There has also been one Technical Corrigendum. Both N1570
and C11 failed to define proper values for __STDC_VERSION__ and
__STDC_LIB_EXT1__; the TC specifies both as 201112L. (The latter is
defined only by implementations that support Annex K (Bounds-checking
interfaces).)
 
R

Richard Bos

Keith Thompson said:
The foreword of N1570 and C11 includes a summary of the major changes
between C99 and C11.

Hm? Oh, it doesn't open at the first page!

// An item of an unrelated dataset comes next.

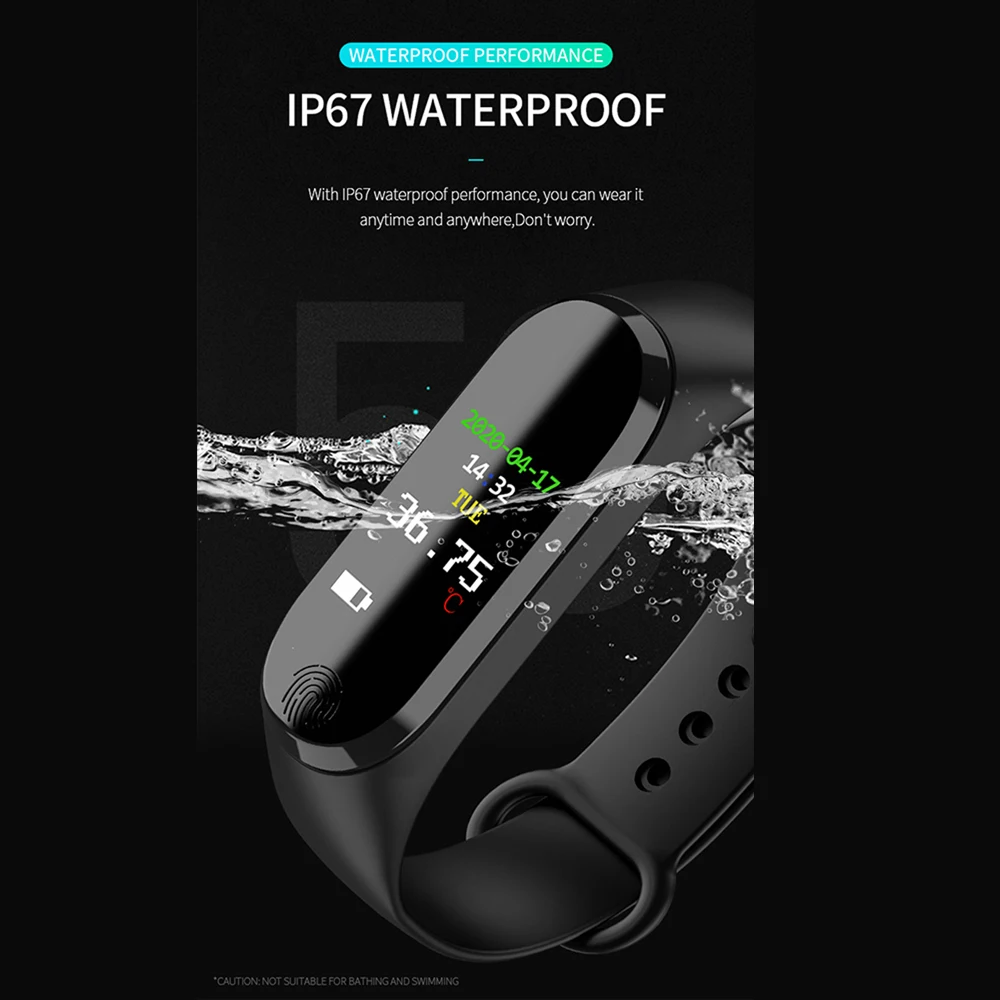 

Smart Wristband Black Temperature Testing Fitness Tracker Colorful Screen Sports Wristband Waterproof Smart Watch For Adult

I see they've finally removed gets(). That's one good change to begin
with.
I don't know of an *official* summary of differences between N1570 and
C11, but I asked Larry Jones (a committee member) about it in comp.std.c
last year:

There are a number of them, but most are just minor editorial tweaks,
changes to boilerplate text, and shuffling things around to keep the
powers that be happy. The biggest change was removing _Alignof from a
bunch of places it shouldn't have been added (based on the erroneous
notion that it takes either a type or an expression like sizeof does
when it really only takes a type): 6.3.2.1p2, p3, p4, fn. 65; and 6.7.1
fn. 121.

There has also been one Technical Corrigendum. Both N1570
and C11 failed to define proper values for __STDC_VERSION__ and
__STDC_LIB_EXT1__; the TC specifies both as 201112L. (The latter is
defined only by implementations that support Annex K (Bounds-checking
interfaces).)

*grin*

Thanks again.

Richard
 
J

Jorgen Grahn

I'm a bit confused over how 'best' to define constants - especially small
integer constants - in C. There seem to be some options so I wondred if you
guys would recommend one over the others.

I'll use a 16-bit port number in each example.

That doesn't tell me anything, I'm afraid. In my world a "port" is an
UDP, TCP or SCTP port, and that's clearly not what you have in mind.
The ui16 in the last example
is the typedef of a 16-bit unsigned int.

First option, with #define.
/* Define address port */
#define PORT_A 0x70

Second option, using enum
enum {
port_a = 0x70 /* Address port */
};

Third option, using const
static const ui16 port_a = 0x0070; /* Address port */

Fourth option: isolate its use to one function and use the literal
there. Assuming it's a BSD socket port:

int my_specific_listening_socket(const char* host)
{
// ...
getaddrinfo(host, "112", ...);
// ...
return fd;
}

IME, a surprising number of these constants can be wrapped into
code: the constant itself isn't important but what it's used for.

It's easier to document and understand a function, than a constant.